Sector heavyweights, Newcrest Mining and South32 could be well supported with the likes of Sandfire Resources and Oz Minerals also likely to come under the spotlight. Diversified gold and base metals play, Independence Group, could also be targeted.
In the iron ore space it will be the big three that should experience support. Both Rio Tinto and BHP were up strongly in overseas markets overnight and one would expect Fortescue Metals Group to also be targeted today.
The Australian dollar only strengthened slightly against the US dollar, and is now hovering in the vicinity of US$0.736, suggesting recent support for Australian commodity producers should be sustained.
On the domestic front, analysts will be crunching the numbers on November retail sales data released by the Australian Bureau of Statistics yesterday.
The immediate reaction was poor, particularly towards consumer discretionary stocks, evidenced by a 1.5% decline in the S&P/ASX 200 Consumer Discretionary index (XDJ).

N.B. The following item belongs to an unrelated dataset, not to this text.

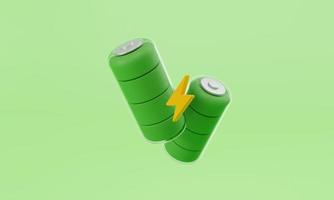 batterie à pleine charge avec symbole d'éclair sur fond vert. rendu 3d. photo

Building on this theme, food was one of the few casualties resulting in the Consumer Staples index remaining relatively resilient.
Wesfarmers actually gain ground on a day in which the broader market came off substantially and the S&P/ASX 200 Consumer Staples index (XSJ) was only off 0.5%.
However, one area that performed well in the Consumer Discretionary sector was the clothing, footwear and personal accessory segment with a gain of 1.7%. This could draw attention to Australia’s largest ASX listed specialist footwear group, RCG Corporation.